Week Eleven

Marcus Aurelius, Meditations

Joseph-Marie Vien, Marcus Aurelius Distributing Bread to the People

Wake up, work, repeat:

What is your daily routine?

what are your habits?


The golden age of the Roman Empire was the second century A.D., under the Nerva-Antonine dynasty, with succession more or less determined by adoption. Under Trajan (the “optimus princeps”), who ruled from 98 to 117, the empire reached its greatest territorial extent. His successor Hadrian reverted to a defensive policy. He was a Hellenophile, who thought of the empire as built on a Greek cultural foundation. His cosmopolitan desires were profoundly frustrated by the only war he waged, to quash the Bar Kokhba revolt in Judaea (132-135). (Both Jewish Wars were uncommon in their ferocity.) The Pax Romana came to an end with the death of Marcus Aurelius (A.D. 121-180), a Stoic philosopher, and emperor from 161-180. He was truly the rarest of things: a philosopher-king. However, his wisdom failed when it came to choice of successor: he was the last of the Five Good Emperors because he did not continue the adoptive principle, instead wanting his biological son Commodus to take the purple, a man singularly unfit for the role.

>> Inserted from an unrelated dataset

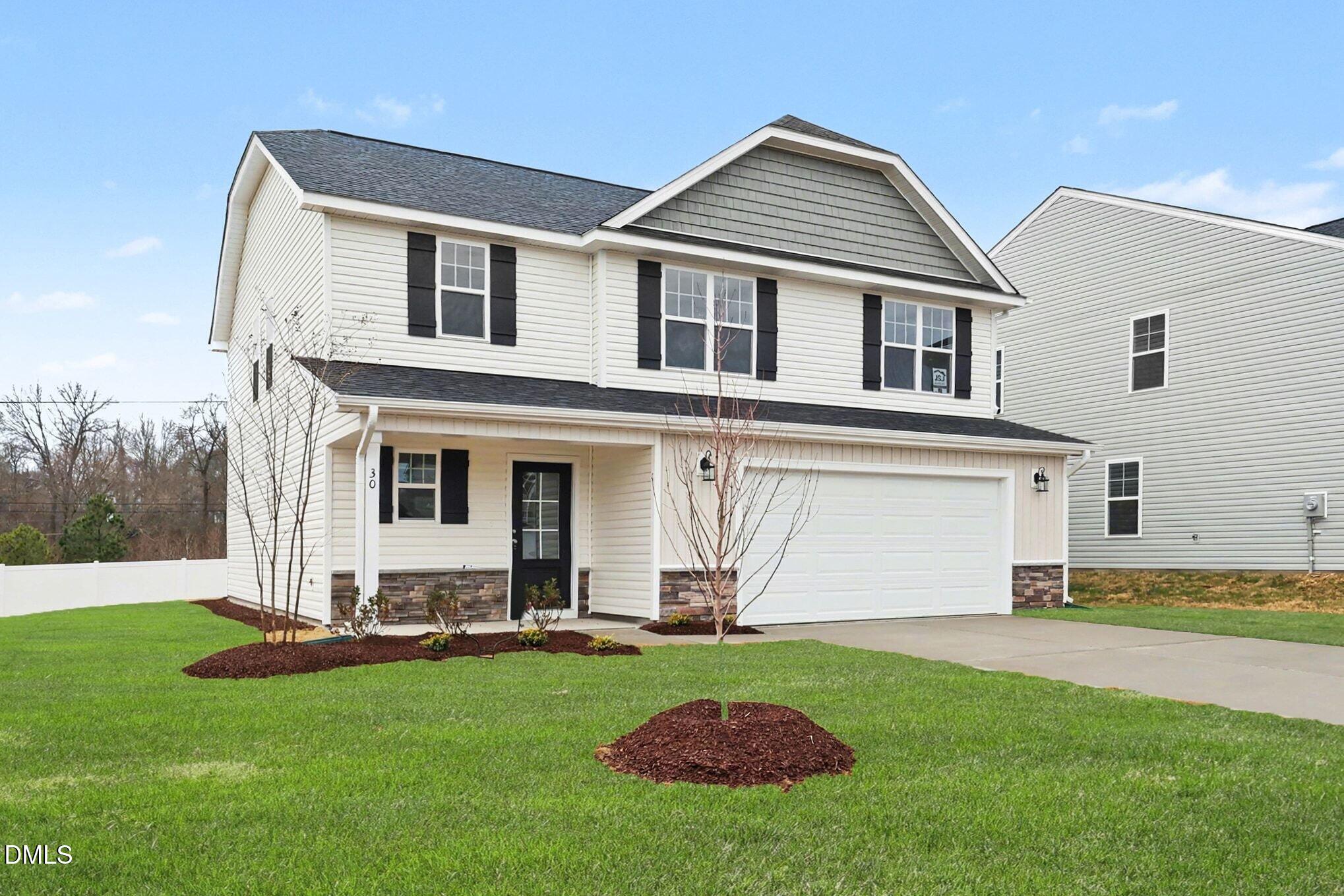 30 E Emily Gardens Drive (Lot 90)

Marcus had to confront profound demographic facts, such as the Antonine Plague, which devastated the population of the Empire, and the increasing pressure the Germanic tribes were placing on Roman borders. (Indeed, the Meditations were written in part while he was campaigning on the Danubian frontier.) A few decades later, a new Persian Empire emerged under the Sasanians, more effective than the Parthians, underpinned by a revitalized Zoroastrianism. (Beginning under Marcus, Parthian weakness had allowed Rome to annex the upper third of Mesopotamia, though that is also where the plague originated.) These would be factors in the Crisis of the Third Century, another root cause of which was the disorder following the assassination of Commodus.